Looking out of the plane window the sprawling buildings of Mumbia transformed into greenery as we got closer into Goa’s Dabolim Airport. This was the first sign that we were approaching a completely different side of India.
Safely landing and retrieving our bags we exited the small, military run, airport and attempted to find our ride. Seeing Pablo’s name scribbled across a piece of A4 we made our way through the crowds of other taxi drivers. As we approached our chauffeur, he scrunched up his hand written sign, and greeted us with a huge grim, shook both of our hands and gestured towards his car.
Now on day 4 of our trip in India this was the first time that a man had acknowledged my existence, before this interaction people had only directed conversation towards Pablo. As well as the scenery and attitude to women, another difference was the upbeat music being played in the car, everywhere else had been silent but this driver was blasting out party tunes and seemed to be particularly fond of LMFOA. It was not quite the tranquil atmosphere I had expected from the hippy home of India but it seemed Goa was a more modern part of the country.
Just as the sun set behind the tall palm trees we pulled up to La La Land, our accommodation for the week. The staff ran out to our car with two very enthusiastic dogs, took our bags and checked us in. The chilled out music, burning oils, fairy lit trees and hand painted inspirational signs was exactly what I had expected from Goa, and kind of reminded me of a mini version of the Greenfields at Glastonbury.
Paperwork all in place we followed the smiley staff member up the winding tree lined path to our hut. Somewhere between Booking.com and arriving to our accommodation I had it in my head that we had a room on the beach with a garden view, instead we were immersed within the jungle. I was a little disappointed to begin with, but once we ventured out and realised that the Patnem beach was only a two minute walk away those negative feelings soon disappeared.
We did not want to be in the heart of the action but close to it, so on the recommendation of friends who had just spent three months in the area we choose to stay in Patnem, the quieter of the two main beaches in Southern Goa. Wandering along the beach at night it was even quieter than I had expected, we had not yet seen another person except the La La Land staff.

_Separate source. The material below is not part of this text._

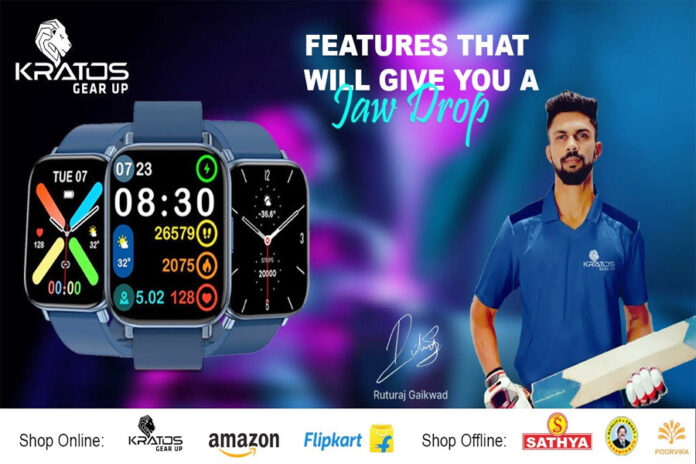 GoKratos,Anil Kumar,Neckbands, Cables, Chargers, Power Banks,Smartwatches,Ruturaj Gaikwad,Kratos Gear Fit Play SmartWatch,Kratos Wireless Bluetooth Neckband,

After about ten minutes we spotted some lights at the centre of the beach, following signs of life we came across a few people enjoying dinner and drinks out the front of the shack-like restaurants. Each eatery was almost identical, so we went for the safe option and pulled up seats at the one which seemed most popular; on this occasion it was Namaste. As soon as food hit the table we made some very cute mooching dog friends, who sat silently watching us eat the delicious naan bread and curry we shovelled into our mouths.

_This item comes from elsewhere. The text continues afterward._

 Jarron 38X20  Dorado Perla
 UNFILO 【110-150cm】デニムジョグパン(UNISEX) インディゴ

Already feeling like I had found my own personal paradise, we sipped on a Kingfisher beer and watched lanterns being let off into the star filled sky.
The next morning we took forever to get going after a disturbed nights sleep. When booking our Goa accommodation we thought we would be fine with just a fan due to the sea breeze. Being set back in the between trees, however, there was no air and not even the giant fan could help circulate the balmy air.
Another thing I did not take into account when picking a garden view room was the wildlife. Between the dogs, monkeys, insects, and birds it was like being at an animal party. The most rambunctious guest was the crow who, at around 4am, got a little too lary and started smacking itself off our window so loudly that it could not be ignored. This did not stop all week but, strangely, we got used to our wild neighbours.
Feeling a little hazy we stumbled out into the heat for the first time. Although fresher than the city there was a sticky humidity in the air, this soon subsided as we stepped onto the breezy beach and dipped our feet in the sea.
The Patnem beach was even more stunning during the day but I learned very quickly that, even though gorgeous, it was also a vicious environment. The picture perfect sea was wild and even just paddling along the waters edge there was a few times I almost got swiped of my feet.
The breeze lured us into a false sense of security and cooled the temperature down enough for us to think it would be OK for our pasty Scottish bodies to sunbathe in. Lying on our towels (and making some more dog buddies) we lasted an entire 15 minutes before I noticed Pablo starting to turn pink.
Deciding that sunstroke on day one was not the best plan we retreated into beach bar Nirvana for some food and shade. The front of the bar was made up of four bays scattered with cushions covered in patterned sarongs, which soon became our favourite place to spend our days.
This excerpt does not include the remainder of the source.